**June 5**

MichaĆ Godziszewski,
Munich Center for Mathematical Philosophy

**The Multiverse, Recursive Saturation and Well-Foundedness Mirage: Part I**

Recursive saturation, introduced by J. Barwise and J. Schlipf is a robust notion which has proved to be important for the study of nonstandard models (in particular, it is ubiquitous in the model theory of axiomatic theories of truth, e.g. in the topic of satisfaction classes, where one can show that if $M \models ZFC$ is a countable $\omega$-nonstandard model, then $M$ admits a satisfaction class iff $M$ is recursively saturated). V. Gitman and J. Hamkins showed in *A Natural Model of the Multiverse Axioms* that the collection of countable, recursively saturated models of set theory satisfy the so-called Hamkins's Multiverse Axioms. The property that forces all the models in the Multiverse to be recursively saturated is the so-called Well-Foundedness Mirage axiom which asserts that every universe is $\omega$-nonstandard from the perspective of some larger universe, or to be more precise, that: if a model $M$ is in the multiverse then there is a model $N$ in the multiverse such that $M$ is a set in $N$ and $N \models 'M \text{ is }\omega-\text{nonstandard.'}$. Inspection of the proof led to a question if the recursive saturation could be avoided in the Multiverse by weakening the Well-Foundedness Mirage axiom. Our main results answer this in the positive.

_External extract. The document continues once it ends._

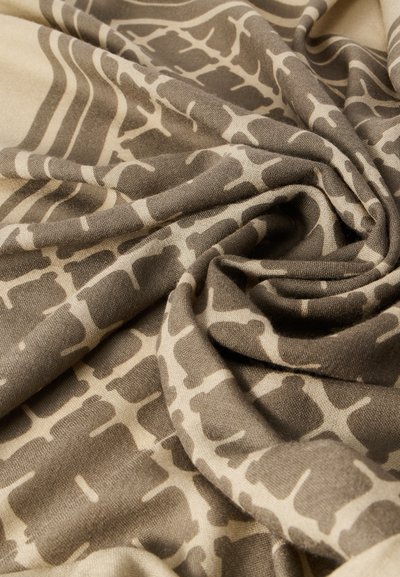 Υφασμα μπεζ με σχέδιο και υφή, που παρουσιάζει ένα μείγμα από σκούρα καφέ σχήματα που μοιάζουν με το παλτό καμηλοπαρδάλου σε μια ρέουσα διάταξη.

We give two different versions of the Well-Foundedness Mirage axiom - what we call Weak Well-Foundedness Mirage (saying that if $M$ is a model in the Multiverse then there is a model $N$ in the Multiverse such that $M \in N$ and $N \models 'M \text{ is nonstandard.'}$.) and Covering Well-Foundedness Mirage (saying that if $M$ is a model in the Multiverse then there is a model $N$ in the Multiverse with $K \in N$ such that $K$ is an end-extension of $M$ and $N \models 'K \text{ is } \omega-\text{nonstandard.'}$). I will present constructions of two different Multiverses satisfying these two weakened axioms. This is joint work with V. Gitman. T. Meadows and K. Williams.